Strong brands can smooth navigation to new businesses
It’s no secret that our global energy system is changing. As the world looks to tackle the potentially devastating consequences of climate change and driven by technology and policy changes, our energy is being supplied in increasingly varied ways. Ways that lower carbon dioxide and other emissions, ways that put control in the hands of consumers, ways that reduce waste and better use the capacity of our energy system.
The rate of change is perhaps best illustrated by the extraordinary growth in renewable energy sources. Initially this was a developed market phenomenon, but the cost of renewables is now reduced to such an extent that renewable technologies like onshore wind and large scale solar are quickly taking an increasing share of new investments in developing markets around the world.
According to the International Energy Agency, solar and wind power provided 6 percent of the world’s electricity in 2017. By 2040, they are projected to provide 21 percent in the IEA’s New Policies Scenario, which reflects governments’ announced policies and targets. These rates of change are now also being seen in technologies like electric vehicles and battery storage, which will have a significant impact on our global automotive business and enable storage of electricity from renewable sources to remove problems of intermittency.
This year’s BrandZ™ category name change, from oil and gas to energy, reflects the convergence of interests in the real world. The oil and gas industry will remain vital to the world economy for decades to come. Demand for oil and gas continues to rise with a growing global population and growing economies, and in subcategories like aviation fuel, lubricants, bitumen and plastics there are not yet an abundance of alternatives to replace oil and gas. It is far too early to write the obituary of an industry that has fuelled our economies and will continue to.
Ultimately though, oil and gas businesses will have to shift their brands and their businesses. Shell’s recently stated ambition to be world’s biggest power company by 2030 and investments by Shell, Total and BP among others in renewables and electricity infrastructure like electric vehicle charging, show the gradual shift in investment. These companies have been criticized for the pace of that shift by groups looking for a more significant quantum of investment to turn to low carbon, but the shift has begun and will continue to grow.

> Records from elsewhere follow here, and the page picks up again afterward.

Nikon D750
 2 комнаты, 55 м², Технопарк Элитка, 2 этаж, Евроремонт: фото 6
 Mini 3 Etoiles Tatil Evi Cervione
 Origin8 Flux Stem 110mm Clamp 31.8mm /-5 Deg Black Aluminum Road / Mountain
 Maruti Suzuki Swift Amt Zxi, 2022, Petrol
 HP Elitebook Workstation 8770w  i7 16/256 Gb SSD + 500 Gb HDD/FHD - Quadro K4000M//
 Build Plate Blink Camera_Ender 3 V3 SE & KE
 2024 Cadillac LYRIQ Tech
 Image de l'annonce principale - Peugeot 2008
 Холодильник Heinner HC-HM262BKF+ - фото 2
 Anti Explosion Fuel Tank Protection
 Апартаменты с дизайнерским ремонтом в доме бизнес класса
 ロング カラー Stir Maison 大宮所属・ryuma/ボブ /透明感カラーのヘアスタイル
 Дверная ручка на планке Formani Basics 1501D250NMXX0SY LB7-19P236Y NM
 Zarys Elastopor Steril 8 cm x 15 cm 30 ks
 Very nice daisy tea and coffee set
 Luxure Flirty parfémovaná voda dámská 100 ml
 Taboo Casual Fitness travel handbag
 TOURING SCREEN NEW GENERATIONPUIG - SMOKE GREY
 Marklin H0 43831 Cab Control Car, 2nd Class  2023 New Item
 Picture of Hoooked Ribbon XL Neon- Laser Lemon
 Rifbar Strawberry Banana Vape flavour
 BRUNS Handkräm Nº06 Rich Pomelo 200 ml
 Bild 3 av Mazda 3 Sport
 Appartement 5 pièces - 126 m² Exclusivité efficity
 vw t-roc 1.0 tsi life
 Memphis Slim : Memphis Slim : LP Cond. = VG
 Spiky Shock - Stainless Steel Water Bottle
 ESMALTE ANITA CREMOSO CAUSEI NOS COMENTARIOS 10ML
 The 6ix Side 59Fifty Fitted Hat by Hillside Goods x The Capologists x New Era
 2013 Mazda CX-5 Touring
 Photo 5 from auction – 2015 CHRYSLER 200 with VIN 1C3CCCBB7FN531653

There is, however, an added dilemma for these groups. BrandZ™ shows that brand contribution to company value in the energy category is the lowest for any category that is measured. This is true even though brands like Shell have among the highest levels of brand recognition of any brand in the world. So, there is an intrinsic value in the brand for the likes of Shell, but are the brand attributes going to support the transition and future direction of these companies? Does reliability as a provider of oil and gas translate to reliability for charging infrastructure or reliability for supplying solar panels? Perhaps. But the more difficult question is: Will consumers buy products from a company leading the transition to a low carbon future, if that same company is also still contributing a significant volume of emissions that cause climate change?
Energy brand leaders will likely need to borrow from brand strategies in other categories where brand makes a larger contribution to company value. In the end transition will require a degree of trial and error. Perhaps Shell Energy will be the largest power company by 2030, but perhaps there will be a suite of brands delivering the transition and building the new energy giant brands of tomorrow. One thing is for sure, the required investment in brand will only increase for these giants.